After she graduates, Cofield will attend an institute in Washington, D.C., through the Truman Foundation and pursue an internship with the U.S. State Department. She plans to fulfill a two-year assignment in the Peace Corps and work towards a Master’s of Arts in Arab Studies and a Juris Doctor with an emphasis in National Security Law.
“I think the most important opportunity that the Truman Scholarship provides is the ability to be surrounded by knowledgeable people with hearts for serving others,” Cofield says. “I hope to surround myself with other Truman Scholars who share some of my same interests, but also scholars who aspire to address issues that I’m unfamiliar with, so that I may continue learning. I also intend to take full advantage of an internship opportunity, to further cultivate my knowledge of policy and the State Department.”

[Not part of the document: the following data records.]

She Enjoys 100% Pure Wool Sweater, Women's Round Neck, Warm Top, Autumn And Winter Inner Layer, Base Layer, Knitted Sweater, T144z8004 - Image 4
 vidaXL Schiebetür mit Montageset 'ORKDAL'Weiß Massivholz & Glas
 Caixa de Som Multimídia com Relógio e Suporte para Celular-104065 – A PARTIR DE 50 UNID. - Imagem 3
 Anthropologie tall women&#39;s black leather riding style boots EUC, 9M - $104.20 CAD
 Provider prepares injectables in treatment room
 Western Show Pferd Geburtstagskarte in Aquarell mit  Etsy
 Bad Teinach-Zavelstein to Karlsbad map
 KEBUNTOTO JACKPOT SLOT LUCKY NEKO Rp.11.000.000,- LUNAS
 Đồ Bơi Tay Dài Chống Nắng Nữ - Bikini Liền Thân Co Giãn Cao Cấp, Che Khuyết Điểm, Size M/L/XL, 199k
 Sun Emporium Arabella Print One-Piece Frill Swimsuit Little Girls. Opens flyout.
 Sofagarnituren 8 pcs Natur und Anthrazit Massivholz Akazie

Following graduate school, Cofield intends to pursue a career in foreign affairs and advise the implementation of counterterrorism strategies, political reforms, peace initiatives and policies, while preserving human rights.
Cofield spent last summer studying in Madaba, Jordan, after earning a Critical Language Scholarship. During her two months in Jordan, she learned about the region’s culture and history while visiting sites such as the pillars of the Roman Temple of Hercules, a stone amphitheater built in the second century called the Roman Theatre and the Red Sea.
Her accolades at MU include selection for the Sue Shear Institute for Women in Public Life and the Griffiths Leadership Society for Women. Cofield served as a senator with the Missouri Student Association (MSA) and is co-chair of the MSA Board of Elections Commissioners. She is also a former pole-vaulter on the Mizzou track and field team and earned a spot on the SEC Student-Athlete Honors Roll.
Cofield is active in the community, having volunteered with the Food Bank for Central and Northeast Missouri, coordinated an event for at-risk youths and assisted in a county jail research project. Cofield has also served as a legislative intern with the Kansas City Council and in the Missouri State Senate.
Since 1987, the University of Missouri has been home to 18 Truman Scholars including Emily Waggoner in 2015 and Maria Kalaitzandonakes in 2016. Mizzou has also had numerous finalists with 2017 finalists Cofield, Chris Dade and Nora Faris.
Established by Congress in 1975, The Truman Scholarship Foundation awards scholarships for college students to attend graduate school in preparation for careers in government or elsewhere in public service. This year, there were 768 candidates for the award nominated by 315 colleges and universities. Sixty-two students were named Truman Scholars.
Recipients of the Truman Scholarship receive a $30,000 scholarship toward graduate school and the opportunity to participate in professional development programming to help prepare them for careers in public service leadership.